Yongfeng et al. [9] defined communities C1 and C2 that were maintained by the same node within different time windows. According to the Jaccard index, the similarity between C1 and C2 can be represented as:

$$J\left(C_1,C_2\right)=\frac{\left|C_1{{\displaystyle \cap }}^{\text{}}{C}_2\right|}{\left|C_1{{\displaystyle \cup }}^{\text{}}{C}_2\right|},$$

(1)

The similarity between C1 and C2 is identified by computing the ratio between their common and total numbers. In this manner, the similarity of the community that contains the node with ID = 29 for five consecutive days can be computed, which is a discrete value that is distributed from 0.4 to 0.6. Accordingly, 70% of the community members are relatively stable. This finding is important for our research. We can utilize the relatively stable structure of the network to improve the efficiency of packet forwarding.

By studying the recently published typical DTN routing algorithms [2,5,7,10,11], we can know that the betweenness centrality of a node is most important in the process of selecting a relay node; it represents the capability of the current node to forward a packet to the destination. Freeman et al. [16] proposed a technique to compute the betweenness centrality of a node by collecting all node information in DTN. However, given that the node location is easy to change in DTN, one node cannot easily obtain global information. This algorithm may consequently cause a considerable deviation in the betweenness centrality of a node. If every packet forwarded by the nodes has high betweenness centrality, then excessive consumption of the resources of these nodes may occur.

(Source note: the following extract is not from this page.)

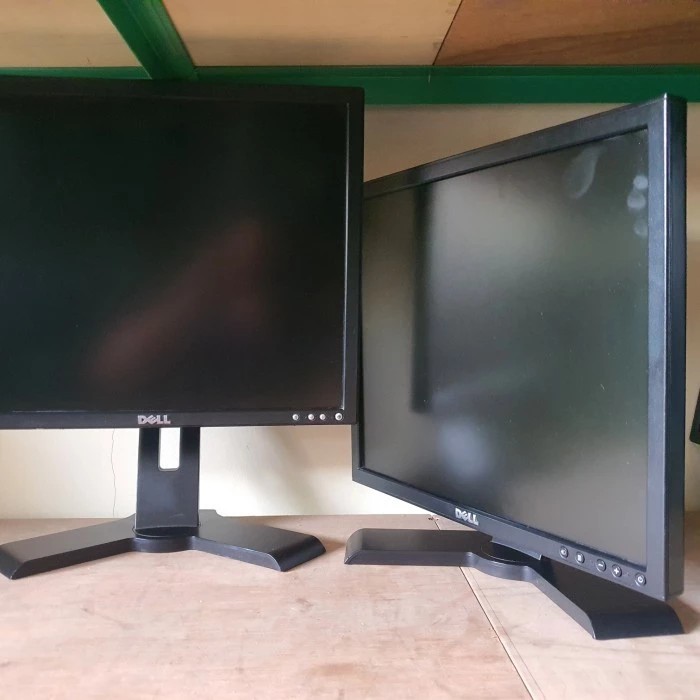 LCD MONITOR DELL 19IN SQUARE MODEL P190SB KOMPLIT KABEL VGA POWER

To overcome the problem of requiring global information in computing betweenness centrality, we utilize the pheromone held by a candidate relay node to represent the betweenness centrality of a current node. Considering that the pheromone can be periodically flood from the destination node, the pheromone can be easily generated without global information. The excessive consumption of the resources of a relay node can, thus, be avoided because different destination nodes spread various pheromones.

3. The Model of Pheromone and Community

The initiative community is the basis of the packet-forwarding algorithm proposed in this study. We must design a model for the pheromone of the core node and determine how to spread it to neighbors before running the packet-forwarding algorithm in the initiative community. Accordingly, we first propose the model for the core node pheromone, introduce the model for pheromone spreading and, finally, design the initiative community based on the pheromone of the core node.

3.1. Pheromone Model

The pheromone obtained by the relay node is considered the betweenness centrality between the core node and the current node. The relay node that holds higher pheromone can successfully forward the packet to the core node with higher probability. As shown in Figure 2, $R_a$ is the communication coverage radius of node $a$, and $R_b$ represents the radius of node $b$. $P_{a,b}$ is the pheromone received by node $b$, which is spread by node $a$, and $P_{b,a}$ has the same mean. If both nodes $a$ and $b$ enter their radius, then $P_{a,b}$ and $P_{b,a}$ will increase with time and begin to decrease when they leave each other.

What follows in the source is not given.